## PROBLEM REQUIREMENTS
The result should be the full listing copied exactly, with no pictures in it.

____ RECORDED DATA

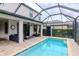 Outdoor living space with pool, covered patio, and modern outdoor furniture at 8219 Summer Brook Ct, Land O Lakes, FL 34638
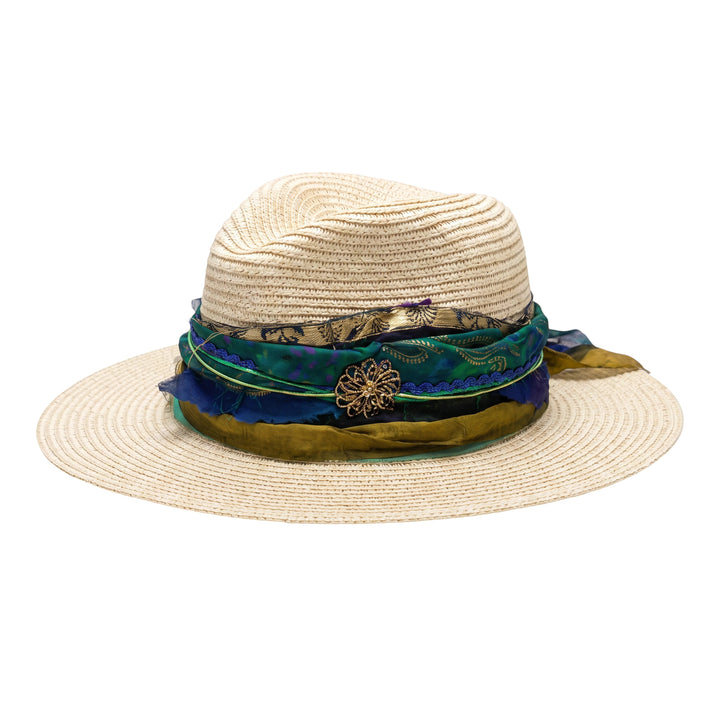 Natalie Adams Hegwood Studio wide brim straw fedora with a layered blue and green fabric band and floral brooch.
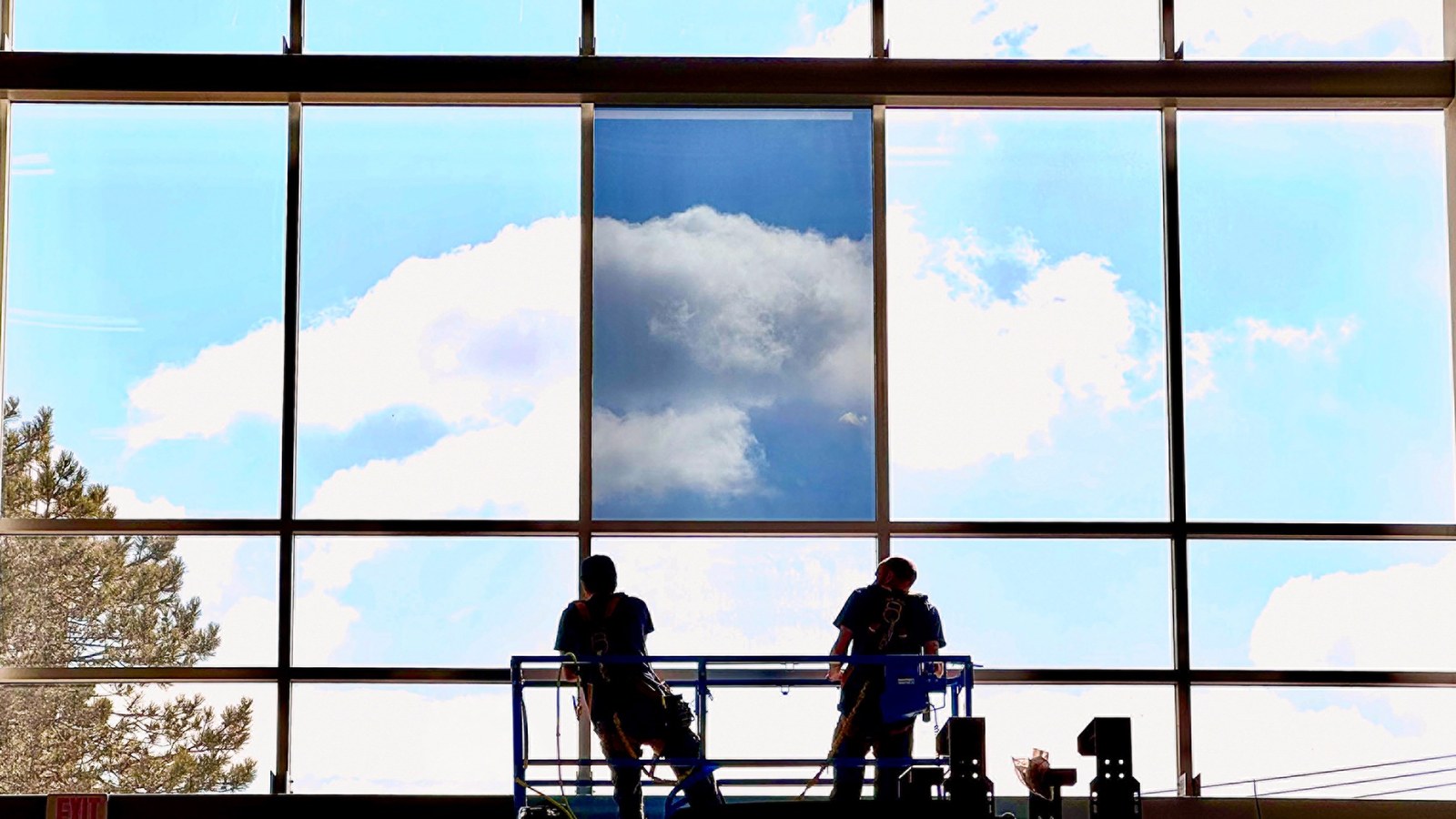 Two AAA Glass Tint installers on a scissor lift applying solar control window film to a tall commercial glass wall, with the first filmed pane showing reduced glare against the sky.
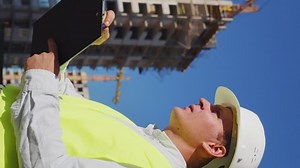 Vertical Screen: Building inspector wearing hard hat and safety vest making notes on paper and talking, multistory houses on background. Low angle man inspecting construction site. Concept of control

________

## COMPLETED EXERCISE
 Outdoor living space with pool, covered patio, and modern outdoor furniture at 8219 Summer Brook Ct, Land O Lakes, FL 34638
 Natalie Adams Hegwood Studio wide brim straw fedora with a layered blue and green fabric band and floral brooch.
 Two AAA Glass Tint installers on a scissor lift applying solar control window film to a tall commercial glass wall, with the first filmed pane showing reduced glare against the sky.
 Vertical Screen: Building inspector wearing hard hat and safety vest making notes on paper and talking, multistory houses on background. Low angle man inspecting construction site. Concept of control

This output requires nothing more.